> _WORK REQUEST_
Only text is carried over. Reproduce the entries below exactly.

> _DATA LISTING_
┌──

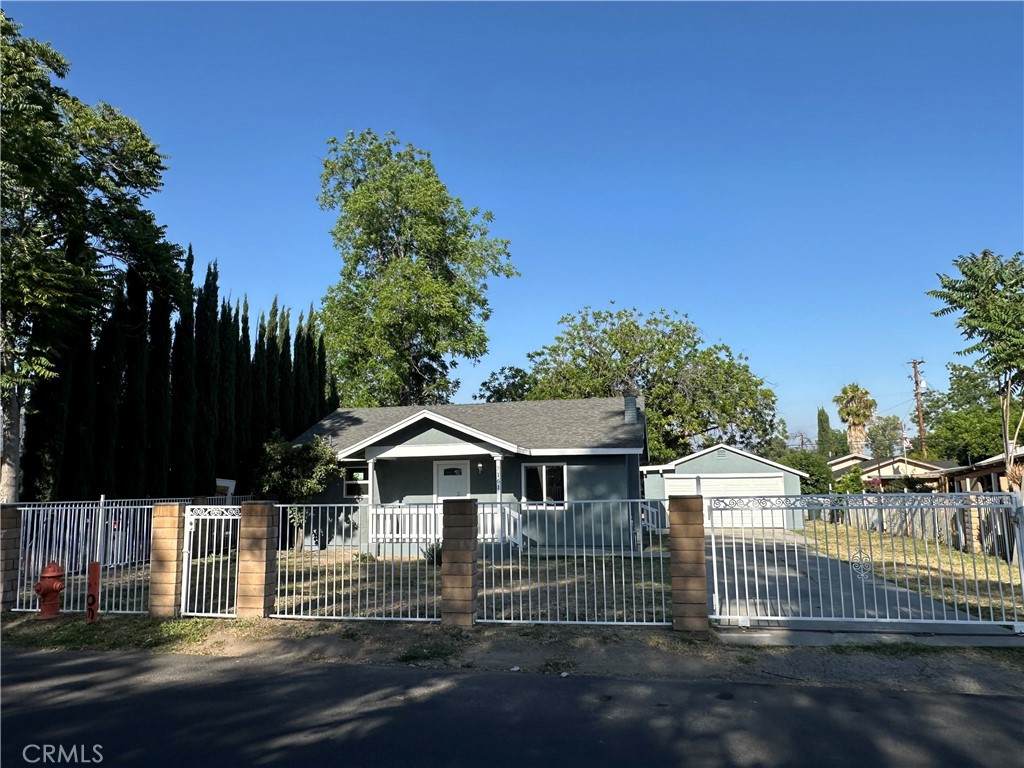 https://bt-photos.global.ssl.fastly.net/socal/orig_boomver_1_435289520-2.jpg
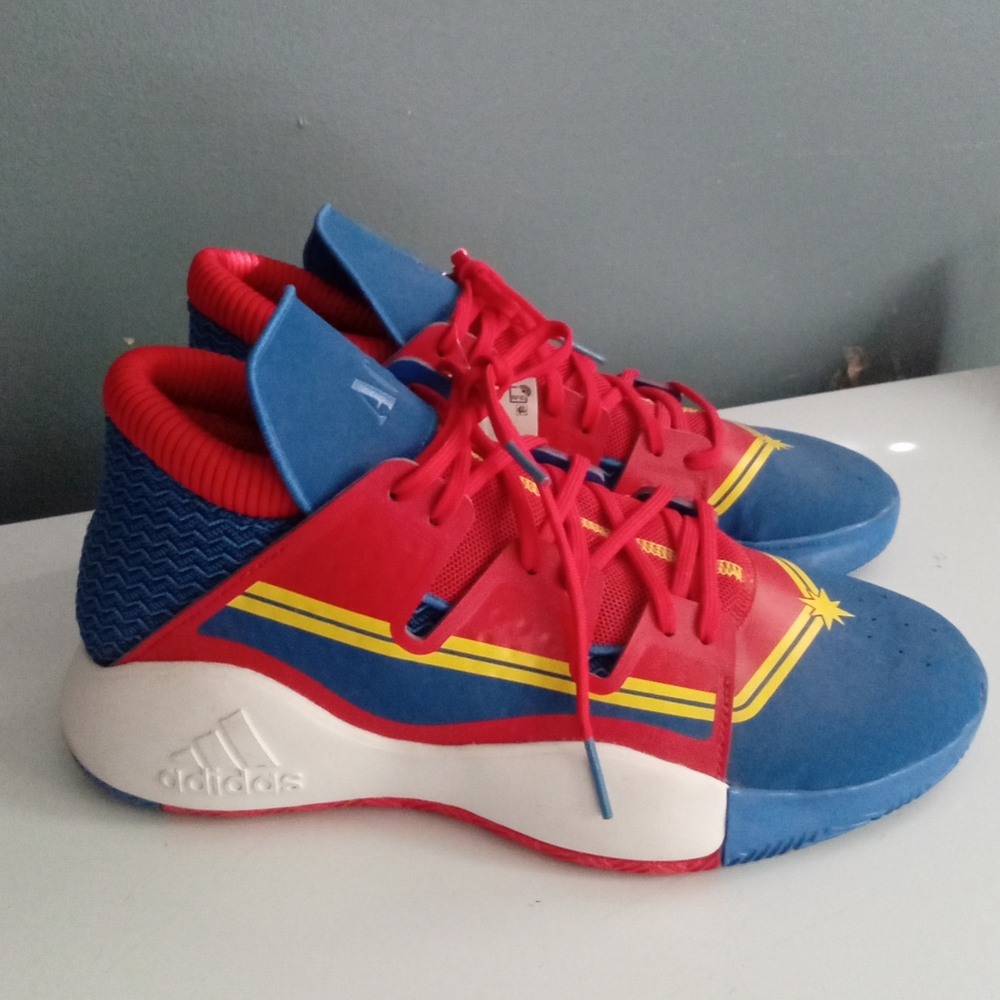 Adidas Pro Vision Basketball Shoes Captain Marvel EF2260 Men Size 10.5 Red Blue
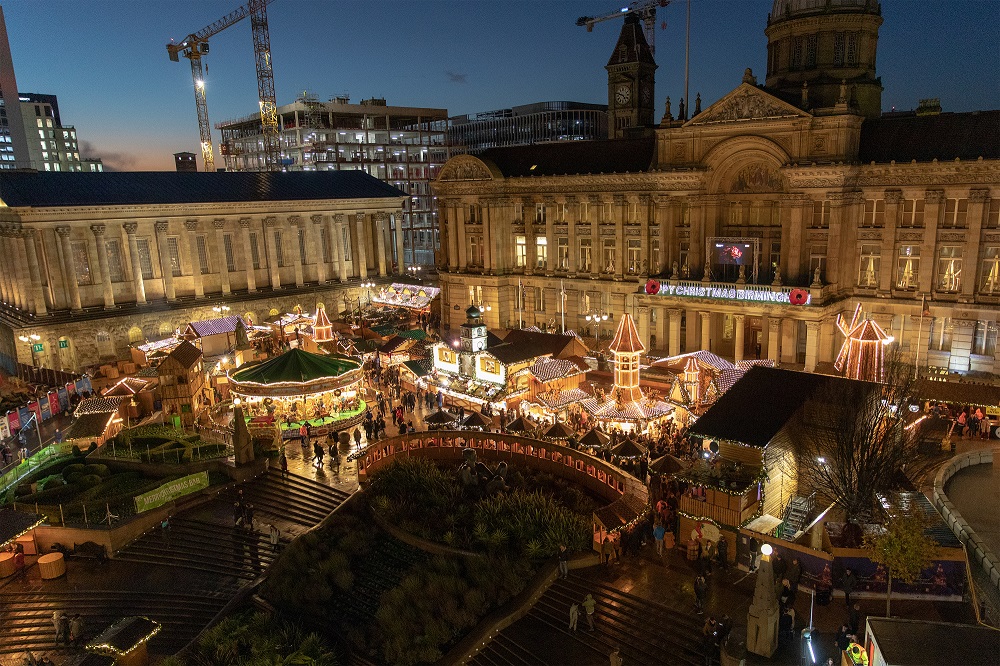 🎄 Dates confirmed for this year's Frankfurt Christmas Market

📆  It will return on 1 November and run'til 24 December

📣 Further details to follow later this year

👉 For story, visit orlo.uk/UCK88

└──

> _SOLUTION TO THIS TASK_
 https://bt-photos.global.ssl.fastly.net/socal/orig_boomver_1_435289520-2.jpg
 Adidas Pro Vision Basketball Shoes Captain Marvel EF2260 Men Size 10.5 Red Blue
 🎄 Dates confirmed for this year's Frankfurt Christmas Market

📆  It will return on 1 November and run'til 24 December

📣 Further details to follow later this year

👉 For story, visit orlo.uk/UCK88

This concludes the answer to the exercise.